Standards are not going away. Standardized tests are just a method of assessing the extent to which students and schools are meeting standards. There is no difference between a standardized test and a regular test other than how they are scored. We have used tests for in school standards since the beginning of education.

There is no option that will ever involve eliminating standards or the tests that measure them. The efforts of those wishing to do away with them would be far better suited to steering the standards and the methods we use to attain them. The number of these tests will increase every year and this will never end. The sociological reasons for this have to do with an ever increasing population size and the increasing complexity and difficulty in evaluating and comparing individuals and groups in the population. The only interesting option to me is getting us to the point where every student can easily meet the standards that we lay out as a society for what we expect someone to learn while in school.

Grockit’s vision is not about standardized tests. Our vision is one of collaborative learning and a technologically advanced learning platform for individuals, groups and experts. We believe this educational design is so powerful that it can help us get closer to a vision of every student passing standards. We also believe this vision is just as well applied to all forms of collaborative learning, not just standardized tests. We’ve even begun piloting Grockit in schools as part of a general learning platform that has nothing to do with standardized tests.

The problem in education is not standardized tests. It’s the system design itself. Industrialized mass education is a recent educational design that’s just over a hundred years old. It is a design that moves students through school as though it were a factory and teachers the factory workers. This design is the root cause of schools being boring and un-motivating for students. A better system design will get every kid passing standards.

Standards are, of course, necessary and useful. The problem lies in thinking that just by applying standards things will improve. That is to say that implementing a national and state level standardized testing plan will not itself improve standards. It’s the remediation of students that will improve standards and that has to do with educational system design, not the existence or not of standardized tests.

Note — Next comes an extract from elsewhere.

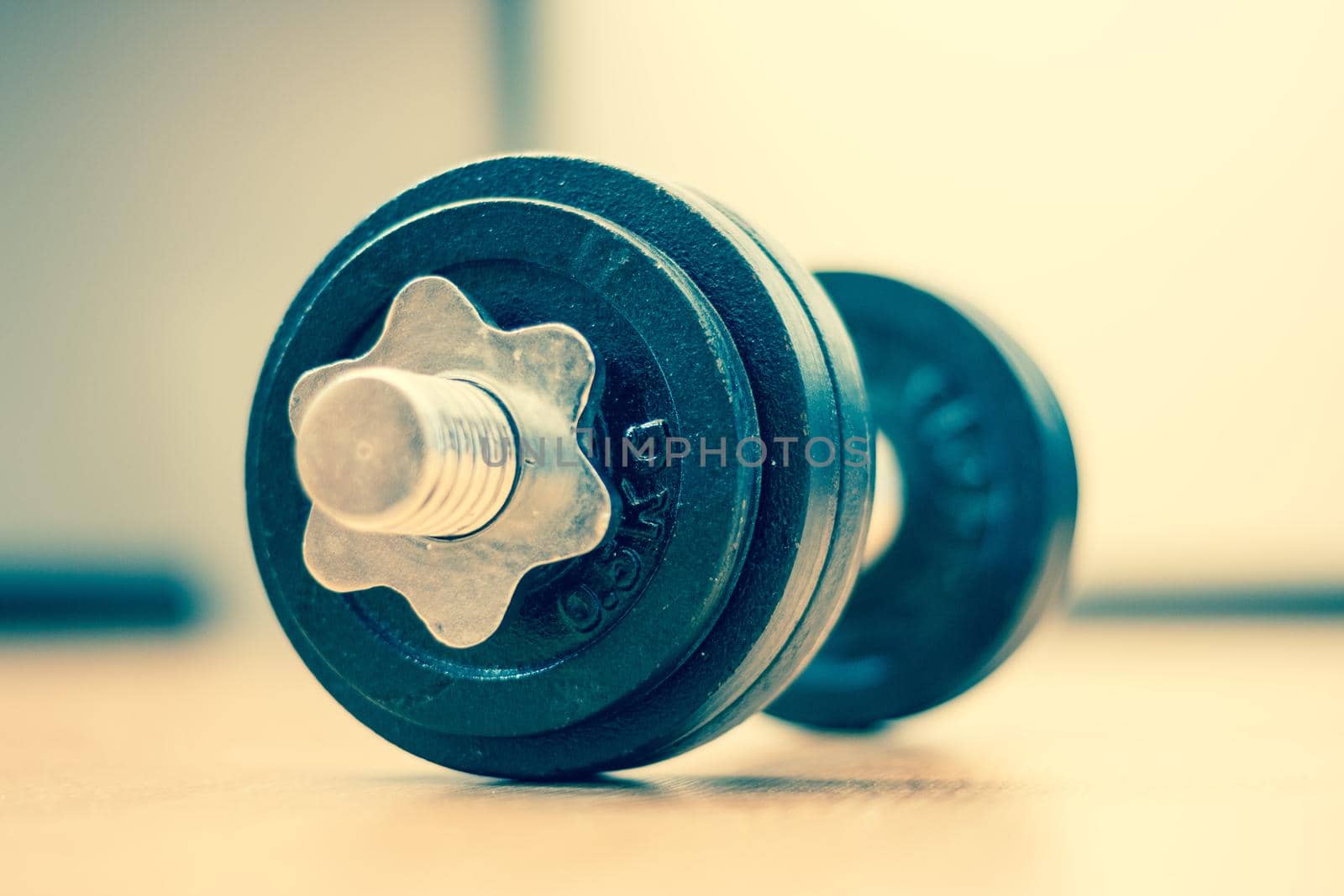 Black bar bell on the wooden floor, physical exercise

I think we’ll get a lot more mileage out of evaluating and re-designing our educational system and emphasizing collaborative learning than we will by eliminating or promoting standardized tests.

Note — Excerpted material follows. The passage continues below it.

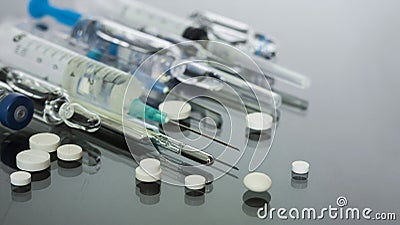 Thermometer, pills, injection vaccineampoules, syringe for vaccination on glass background, medicine concept background, Stock Photo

  • http://www.tutorpedia.com Seth Linden

    Educators have argued about standards and standardized tests for years. Teachers constantly debate the value of learning “hard content” vs. “soft skills.” How do we measure what students learn? And more importantly, what should students learn? When studying history, is it more important to learn specific facts (when World War II broke out, where the major battles took place, etc.), or is more important to understand general ideas (what led to WWII, what effect did the war have on technology, education, politics, etc.)? When studying science, is it more important to learn how to balance chemical equations (photosynthesis: 6H2O + 6CO2 + sunlight = C6H12O6 + 6O2), or is it more important to understand the general idea that if we feed plants water, carbon dioxide, and light, they’ll give us glucose (sugar) and oxygen in return?

    My argument is not to do away with standards – we need to set high standards for all students, not just those in low-performing public schools, and not just those in high-performing private schools – ALL STUDENTS. This is an assumption that is lost among proponents of standardized testing; just because I don’t believe in standardized tests does not mean I don’t believe in standards. We just need to have different ways of measuring if students have reached these standards, and bubbling in a multiple-choice test in a timed situation is not the best way, and it certainly is not the only way, to do so. Not only have many studies shown the cultural biases of such tests, but these tests can also result in conflicting data. The stress and anxiety that comes from a timed, multiple-choice, pencil-and-paper exam (see the SAT, CAHSEE, and STAR assessments, just to name a few) do not show what students know and are able to do.

    The best educators – teachers, tutors, and parents – know that we all learn differently, so we must measure this learning differently: through authentic assessments. This can be in the form of narratives (using standard rubrics designed by teachers), exhibitions (public presentations of student work), and performance assessments (testing know-how, along with know-what). These are all ways to assess students according to their individual learning styles, be they auditory, visual, or kinesthetic.

    Combine these assessments with computer-based learning and student-centric technology (yeah Grockit!), and we will have successfully disrupted class (see Clayton Christensen’s “Disrupting Class”). Until we figure out a better way to measure student achievement, we will continue to waste millions of dollars on failed schools, failed tests, and failed policies that do more harm than good. Sure, authentic assessments – based upon high standards – will cost more money and take more time than sticking a piece of paper and pencil in front of a student, but consider the alternative: students held back, schools shuttered, and an entire generation of kids who think they’re dumb because a dumb test says so.